Schließung von Unikrn durch die SEC

Zwischen Juni und Oktober 2017 sammelte Unikrn im Rahmen seines ersten Münzangebots UnikoinGold (UKG) 31,4 Millionen Dollar zur Finanzierung einer krypto-fähigen eSport-Wettplattform. Zuvor hatte das in Seattle ansässige Unternehmen Unikrn in seinen Runden der Serie A und Seed 10 Millionen Dollar von Ashton Kutcher, Mark Cuban, Shari Redston, Elisabeth Murdoch und anderen gesammelt.

Unikrn versprach den Anlegern, dass es versuchen werde, UKG an der Börse einzuführen und die Nachfrage nach seinem Spielstein über seine noch entwickelte Wettplattform zu steigern, so die SEC. Die Kommission stellte fest, dass es sich bei UnikoinGold um ein Wertpapier und einen Investitionsvertrag handelte, aber das Unternehmen versäumte es, das Angebot zu registrieren oder sich für eine Ausnahme zu qualifizieren.

Unikrn erklärte sich bereit, die Gebühren durch Zahlung einer Strafe in Höhe von 6,1 Millionen Dollar zu begleichen, „im Wesentlichen alle Vermögenswerte des Unternehmens“, die über einen „fairen Fonds“ an die Investoren verteilt werden sollten. Das Unternehmen stimmte auch zu, das UKG-Token zu deaktivieren und die Entfernung der Kryptowährung von allen Krypto-Börsen zu beantragen. „Die Kommission zwingt das Unternehmen faktisch dazu, den Betrieb wegen eines angeblich unzulässigen Angebots von angeblichen Wertpapieren einzustellen“, sagte SEC-Kommissar Hester Peirce.

Gibt es zusätzliche Maßnahmen?

Zusätzlich zu den Maßnahmen der SEC führt das Washington State Department of Financial Institution eine laufende Untersuchung gegen Unikrn durch und befindet sich laut Bill Beatty, Wertpapierverwalter beim Washingtoner DFI, derzeit in Vergleichsverhandlungen, um die Angelegenheit zu lösen.

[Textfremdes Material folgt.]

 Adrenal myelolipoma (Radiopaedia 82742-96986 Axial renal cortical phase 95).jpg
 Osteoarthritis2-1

Laut dem Blockchain-Anwalt Jorge Pesok von Crowell & Morning LLP wies die SEC darauf hin, dass Unikrn fälschlicherweise ein Formular D für seinen Vorverkauf eingereicht habe, das keinen Anspruch auf eine Befreiung von der Registrierung gemäß SEC Rule 506(c) der Regulation D habe. Vermutlich stützte sich die SEC auf ihre in ihrem jüngsten Fall gegen Telegram-entwickelte Theorie, dass SAFT-Investoren gesetzlich vorgeschriebene Underwriter seien. Daher haben SAFTs keinen Anspruch auf die Ausnahme von der Registrierungspflicht gemäß Rule 506(c).

„Diese Resolution erlaubt es uns, im Wesentlichen alle Vermögenswerte von Unikrn an bereits geschädigte Investoren zurückzugeben und beinhaltet Maßnahmen zur Verhinderung zukünftiger Verkäufe an Kleinanleger, einschließlich der Deaktivierung der Token“, sagte die Leiterin der Cyber-Unit der SEC-Division Enforcement Division, Kristina Littman.

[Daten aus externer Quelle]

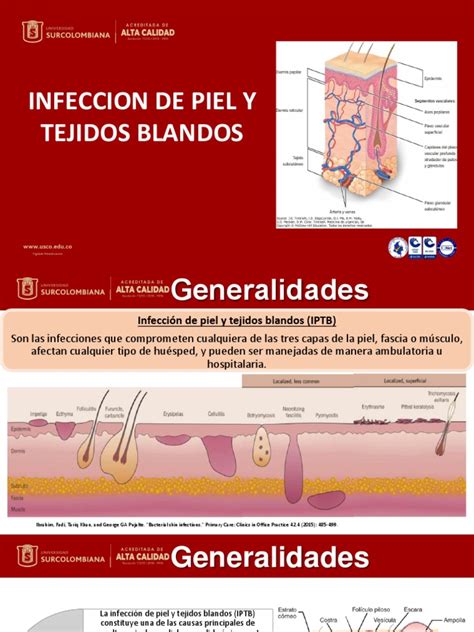Infección De Piel Y Tejidos Blandos Pdf Epidemiología Inmunología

Während er sich in der Minderheit befand, war Pro-Bitcoin-Kommissar Peirce mit der Durchsetzungsmaßnahme und ihren Folgen für die Innovation in der Kryptogeldbranche bei Bitcoin Rush nicht einverstanden:

„Unternehmer könnten gezwungen sein, zwischen unangenehmen Optionen zu wählen: ihr begrenztes Kapital für kostspielige Rechtsberatung und die Einhaltung von Vorschriften auszugeben oder aus Angst, einer Durchsetzungsmaßnahme unterworfen zu werden, auf ihre Innovationsbemühungen zu verzichten. Ein regulatorischer „sicherer Hafen“ könnte dieses unglückliche Dilemma lösen.

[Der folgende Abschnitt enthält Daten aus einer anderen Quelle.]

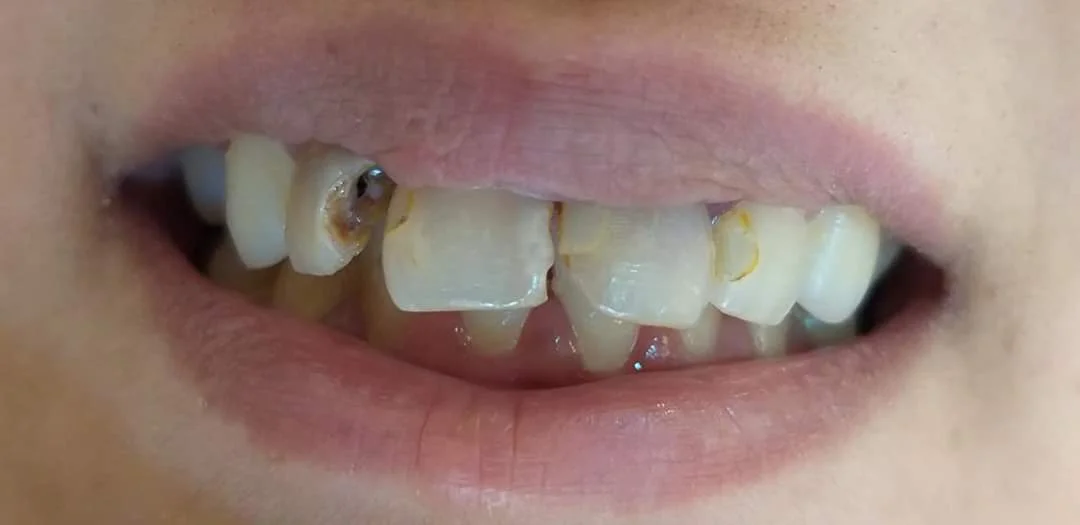 Before treatment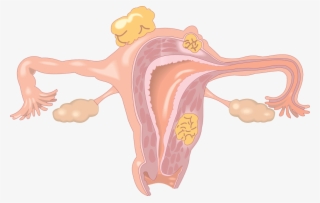 Signs Of Endometriosis - Fertility Disorder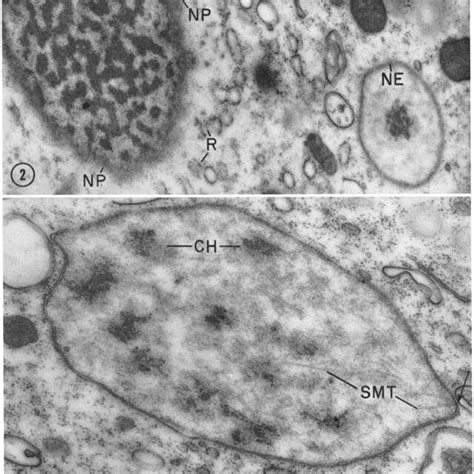 Figune 12 A Slightly Later Stage Of Nuclear Envelope Formation Than Download Scientific Diagram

Kommissar Peirce schlägt vor, dass ein regulatorischer „Safe Harbor“ der SEC und den Interessen der Investoren dienen würde, indem er Entwicklern erlaubt, innerhalb eines dreijährigen Regulierungsfensters zu experimentieren.

„Auch wenn einige den Verlust des Nutzens der Innovation in diesem speziellen Fall vielleicht nicht als groß ansehen, wird die Nachwelt den kumulativen Verlust an Innovation, der der Gesellschaft durch solche Maßnahmen entgangen ist, spüren. Tatsächlich werden wir das volle Ausmaß solcher Verluste nie erfahren, weil einige Möchtegern-Unternehmer, die einen Unikrns zu viel gesehen haben, es vielleicht für klüger halten, ihre transformativsten Ideen auf Eis zu legen“, schloss Peirce.

Crypto Briefing wandte sich an Unikrn-CEO Rahul Sood und den Investor Mark Cuban und hat noch keinen Kommentar zu dem Auftrag erhalten.